One of the biggest issues among adolescents today is sleep deprivation. Kids are constantly sleep deprived at school, and at what cost? Why are kids so tired at school every day? It eventually always boils down to one thing: absurdly early school start times. These early start times can seriously affect a student’s ability to learn and be active in a school environment.
First, to understand why school start times are in fact too early for adolescents and their sleep schedules, one must understand the basics of sleep itself. It is common knowledge that people sleep for a third of their lives. It is obviously a necessity for humans to function normally on a daily basis, but in order to recognize possible problems with one’s sleep schedule, it is defined in two ways. According to the Journal of Advanced Nursing, the first state of sleep is when you “fall asleep,” or a “state of reduced responsiveness to external stimuli.” This is the stage of sleep where one can be woken up if provoked enough. The second state of sleep is more complicated. In a day, one has a circadian rhythm or cycle, which is one’s daily waking up to a sleep schedule, until they wake up again. It is the most inactive, unresponsive portion of the circadian cycle, and if altered or tampered with (i.e. school start times that are too early), this cycle can severely affect one’s ability to stay awake during the day.
Sleep deprivation is often an issue with many people around the world, but the issue is most highlighted among tired adolescents in school who end up declining in terms of school skills because of it. According to the same Journal of Advanced Nursing, common effects of sleep deprivation include stress due to small changes in hormones, as well as an overall increase in antisocial and negative, anger-fueled behavior. The Journal of School Health conducted a 2013 study to see if there was a relationship between school violence from students and sleep deprivation. The Youth Risk Behavior Survey (YRBS) found that 69 percent of adolescents reported insufficient sleep, and of those who reported sleep insufficiency (less than eight hours of sleep per night), 20.94 percent of students bullied at school in the last 12 months compared to 17.18 percent of students getting more than eight hours of sleep per night.

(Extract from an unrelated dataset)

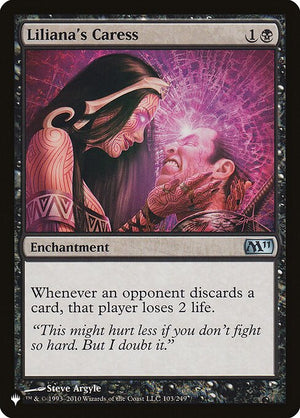 Liliana's Caress (M11-103) [The List]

Solutions to these problems all lead back to the time that school starts every day. As of now, kids in school, mainly adolescents in middle to high school, are being heavily affected by these early start times. According to the National Comorbidity Survey – Adolescent Supplement between 2001 and 2004, which The American Journal of Public Health reported on in 2015, a sample of 9,244 adolescents aged thirteen to seventeen in the U.S. were polled. First, the survey accounted for different variables such as age, sex, and all different start times that were ultimately averaged out. Then it was found that only 26 percent of adolescents (average of 23 percent of girls and 29 percent of boys) obtain the recommended amount of nightly sleep by the National Sleep Foundation during the week. Overall, it was concluded that students with later start times gained more sleep per weeknight, despite possibly going to bed later than those with early start times. It was also concluded that there was no difference among adolescents with early and late start times regarding making up for any lost weeknight sleep on weekends, i.e. kids with early start times who get less sleep during the week don’t sleep more than those with later start times on weekends. So, with both those findings, the Journal was able to conclude that there is definite sleep loss among kids who start school too early. Some argue, however, that later school times come with more negatives than positives. For example, it takes time away from after school activities like sports or clubs because the school day ends later. Also, for some students, a later start time actually incentivizes more laziness because they spend more time asleep, but ultimately this is extremely rare. The comprehensive research conducted and health benefits of later start times definitely outweigh the possible negative effects.
Overall, sleep is absolutely necessary for adolescents to succeed in school. It affects their ability to learn and perform both in and out of the classroom. The dreaded Monday morning alarm is one of the worst things a teenager can hear, especially when it’s too early. These studies prove that early start times have a seriously negative effect on adolescents and that they need to be changed. Later school start times could have wildly positive outcomes on both a student’s propensity to learn, as well as their overall behavior and well-being. Some school districts have already started experimenting with or fully implementing these policies. For example, Shaker Heights School District in Shaker Heights, Ohio has been experimenting with one day a week late starts for the past few years and is close to implementing this policy to more or all days of the week, due to the positive effects on the students, according to current administration. And if more schools continue to utilize these later start times, it is a giant step in the right direction for the well-being and health of adolescent students.